Reputation: 646
I'm setting up emacs to be my python IDE, and I've found plenty of material online that explain auto-completion, among a variety of other features. What I can't figure out, though, is how to get the syntax highlighter to do its highlighting magic on operators.
How can I customize my emacs in python mode to make + - different colors? I'd also like it to make integers, floats, and parentheses different colors as well.
Upvotes: 5
Views: 3304
Reputation: 48058
Adding my own answer since I couldn't get the others working (as of emacs 25.3.1, 2017).
The following elisp can be used to highlight operators:
;; Operator Fonts
(defface font-lock-operator-face
'((t (:foreground "#8b8bcd"))) "Basic face for operator." :group 'basic-faces)
;; C-Like
(dolist (mode-iter '(c-mode c++-mode glsl-mode java-mode javascript-mode rust-mode))
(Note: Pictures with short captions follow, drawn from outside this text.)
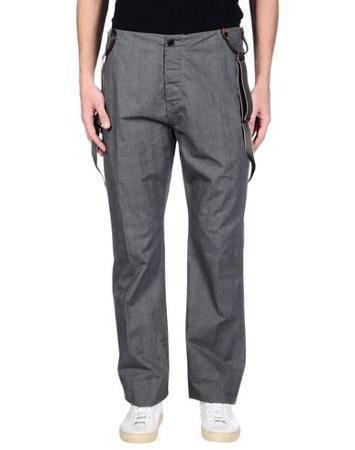 Брюки JOHN VARVATOS ★ U.S.A. 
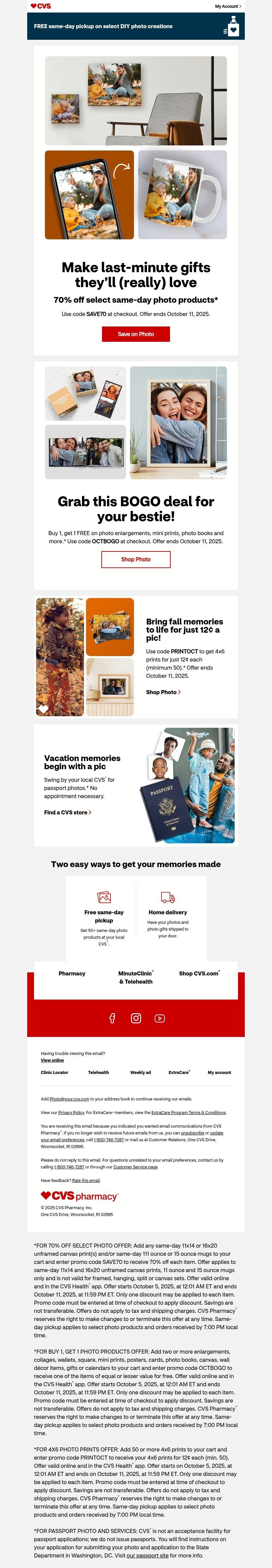 Screenshot of email with subject /media/emails/97980a1e-3d8b-4ad4-87eb-2ce676e6ffda.jpg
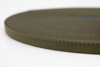Bilde av PES bånd 14 mm oliven(fargefeil stripe) utgår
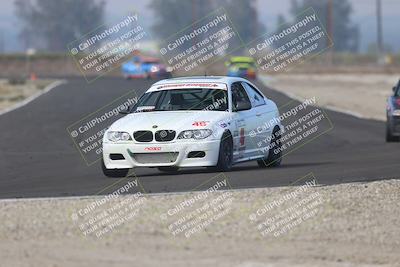 media/Oct-19-2025-Nasa (Sun) [[622c91e2bf]]/Race Group C/Turn 9/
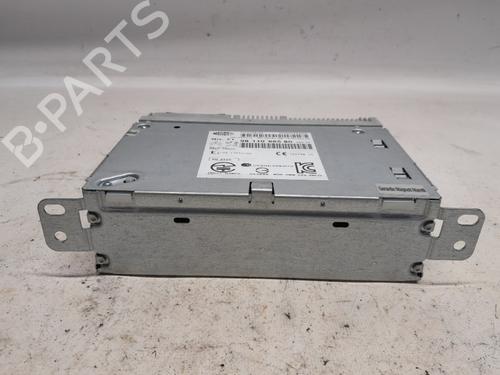 Used Control unit Control unit 35988165 35988165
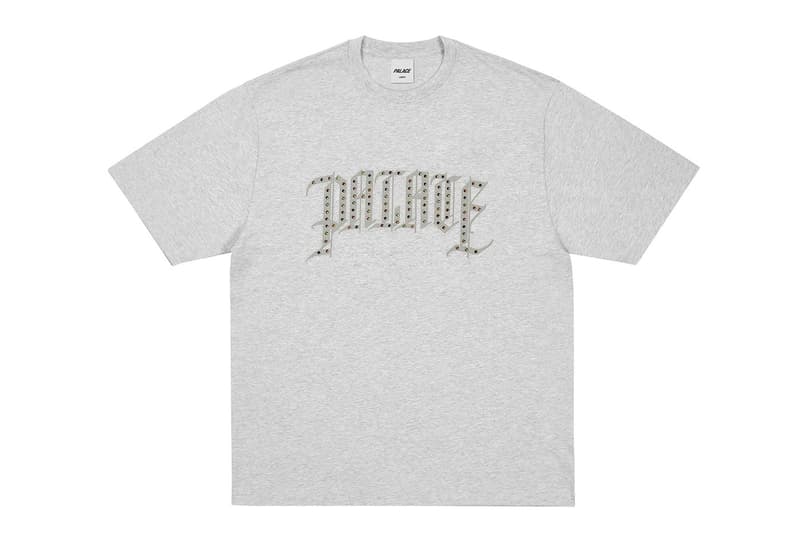 팔라스 x 어그 x 워너 브라더스 컬렉션 공개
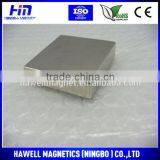 Permanent Type and Neodymium Magnet Composite N50H Block Magnet thumbnail-4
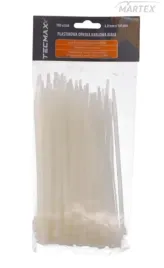opaska-plastikowa-160x48-kpl-100s-14-211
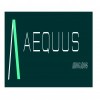 AEQUUS ABOGADOS MÁS DISEÑO
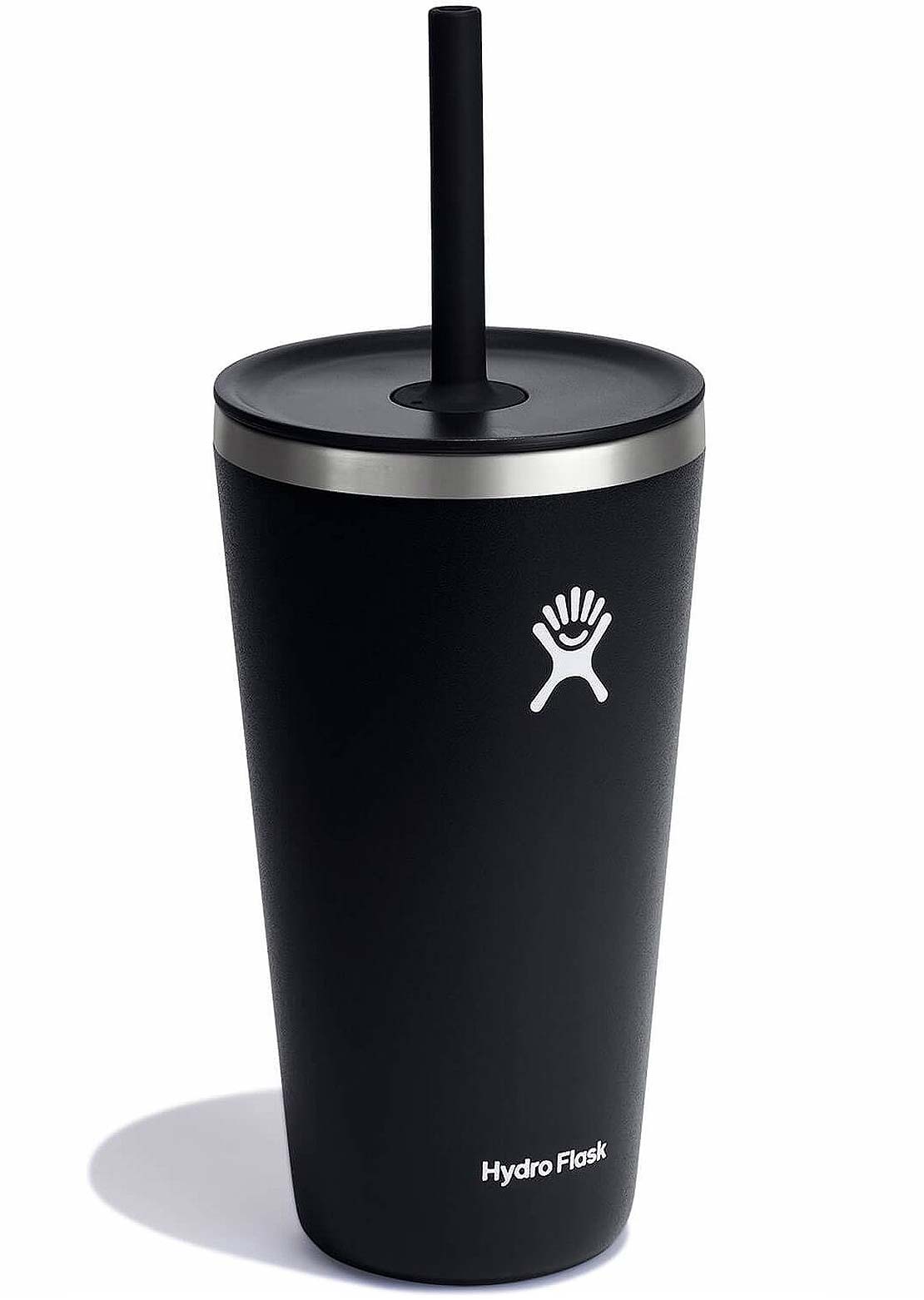 Hydro Flask 28 Oz All Around Tumbler With Straw Lid Cheap Footlocker Finishline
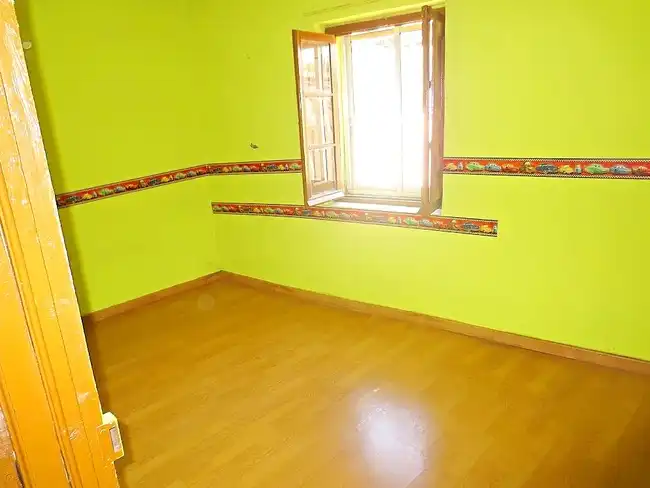 Bedroom of Houses for sale in Estépar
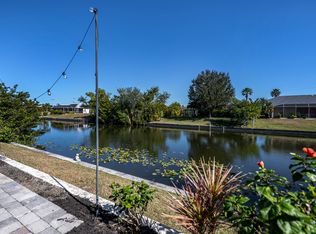 125 Cultural Park Blvd S #125, Cape Coral, FL 33990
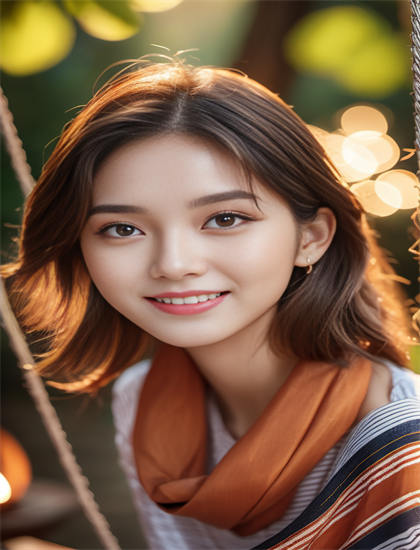 人物深度分析：神偷次世代中的表演细节的精准把握与艺术处理 感受人物塑造的匠心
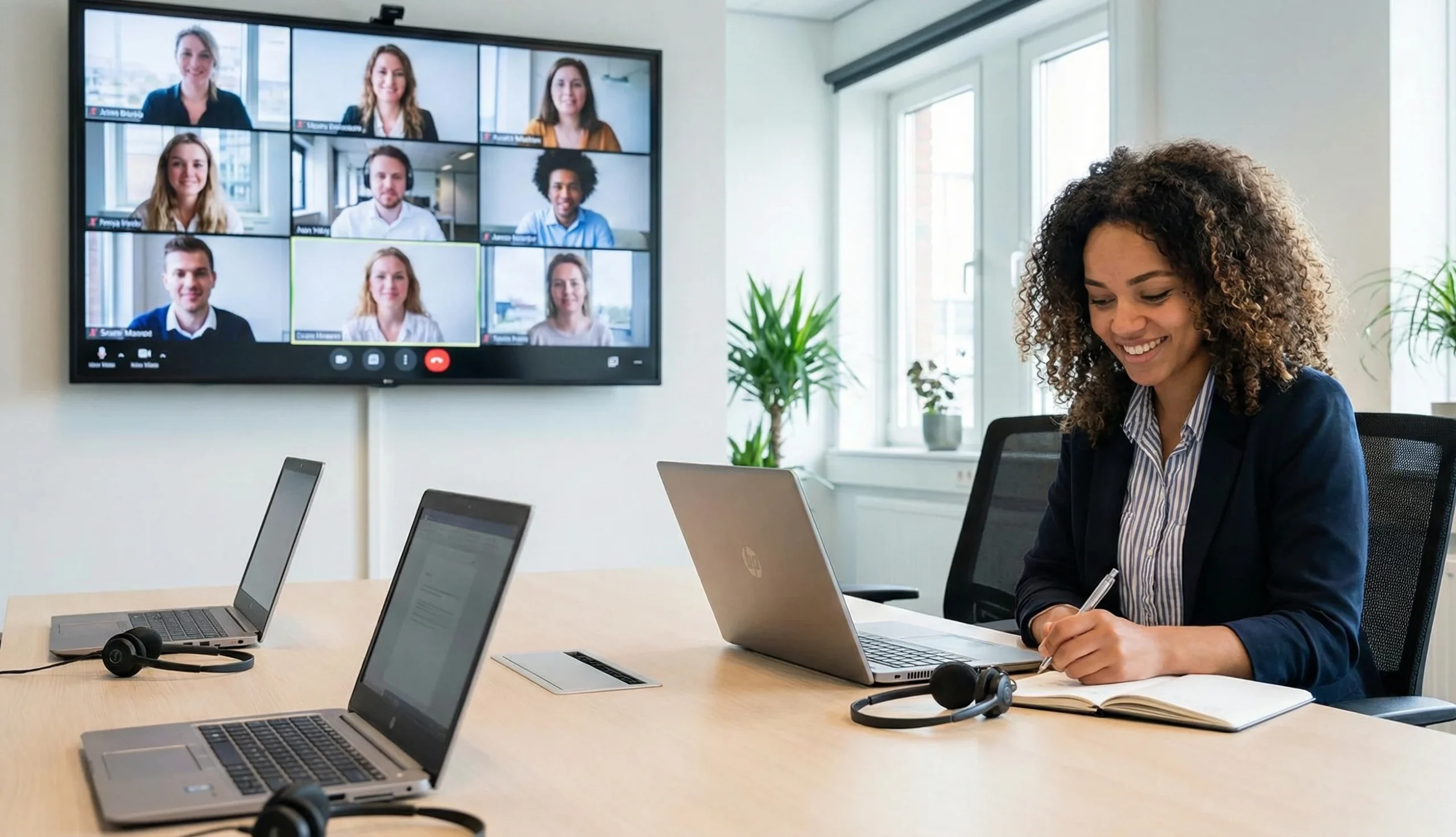 Trend 4 Proactive Retention and Engagement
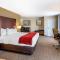 Comfort Inn & Suites Tooele-Salt Lake City - Tooele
(font-lock-add-keywords mode-iter
'(("\\([~^&\|!<>=,.\\+*/%-]\\)" 0 'font-lock-operator-face keep))))
;; Scripting
(dolist (mode-iter '(python-mode lua-mode))
(font-lock-add-keywords mode-iter
'(("\\([@~^&\|!<>:=,.\\+*/%-]\\)" 0 'font-lock-operator-face keep))))
Upvotes: 0
Reputation: 646
Put the following in your ~/.emacs file:
;
; Python operator and integer highlighting
; Integers are given font lock's "constant" face since that's unused in python
; Operators, brackets are given "widget-inactive-face" for convenience to end-user
;
(font-lock-add-keywords 'python-mode
'(("\\<\\(object\\|str\\|else\\|except\\|finally\\|try\\|\\)\\>" 0 py-builtins-face) ; adds object and str and fixes it so that keywords that often appear with : are assigned as builtin-face
("\\<[\\+-]?[0-9]+\\(.[0-9]+\\)?\\>" 0 'font-lock-constant-face) ; FIXME: negative or positive prefixes do not highlight to this regexp but does to one below
("\\([][{}()~^<>:=,.\\+*/%-]\\)" 0 'widget-inactive-face)))
Upvotes: 4
Reputation: 53694
i actually have something like this setup for my programming modes. this defines 2 separate faces, one for operators and one for the "end statement" symbol (not so useful in python, obviously). you can modify the "\\([][|!.+=&/%*,<>(){}:^~-]+\\)"
regex to match the operators you are interested in and customize the faces to be the color you want.
(defvar font-lock-operator-face 'font-lock-operator-face)
(defface font-lock-operator-face
'((((type tty) (class color)) nil)
(((class color) (background light))
(:foreground "dark red"))
(t nil))
"Used for operators."
:group 'font-lock-faces)
(defvar font-lock-end-statement-face 'font-lock-end-statement-face)
(defface font-lock-end-statement-face
'((((type tty) (class color)) nil)
(((class color) (background light))
(:foreground "DarkSlateBlue"))
(t nil))
"Used for end statement symbols."
:group 'font-lock-faces)
(defvar font-lock-operator-keywords
'(("\\([][|!.+=&/%*,<>(){}:^~-]+\\)" 1 font-lock-operator-face)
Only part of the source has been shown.